After selective handpicking of fully ripe cherries, they are checked in water basins to sort out underripe floaters. Coffees enter the anaerobic process in depulped cherries (honey). The beans are placed in air-sealed barrels or stainless steel tanks that need to be in a cooler environment (wind or even fridges), as the fermentation process creates heat.
After around 18-24 hours, the anaerobic process has started causing a breakdown in the mucilage and a buildup of CO2 pressure in the tank. This pressure forces the flavours of the juicy mucilage into the coffee parchment. Pressure is released through one-way valves at the top of the barrel - or oftentimes released through pipes that surpass water basins. The anaerobic fermentation has many levels and can take up to 120 hours, sometimes even 240 hours.

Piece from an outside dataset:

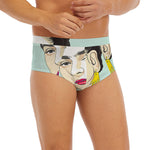 Frida Kahlo And Floral Print Men's Briefs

The types of microbes able to survive and participate in fermentation is limited by the lack of oxygen. The result is a very expressive flavour profile that oftentimes has notes of cinnamon, bubble gum or poached pear.
Once carefully removed from the tank, the coffee is dried to ensure a halting of the fermentation stage. This experimental process yields unexpected and complex flavours, while also giving the producer great control over the sugars, temperature, pressure, pH and length of the ferment.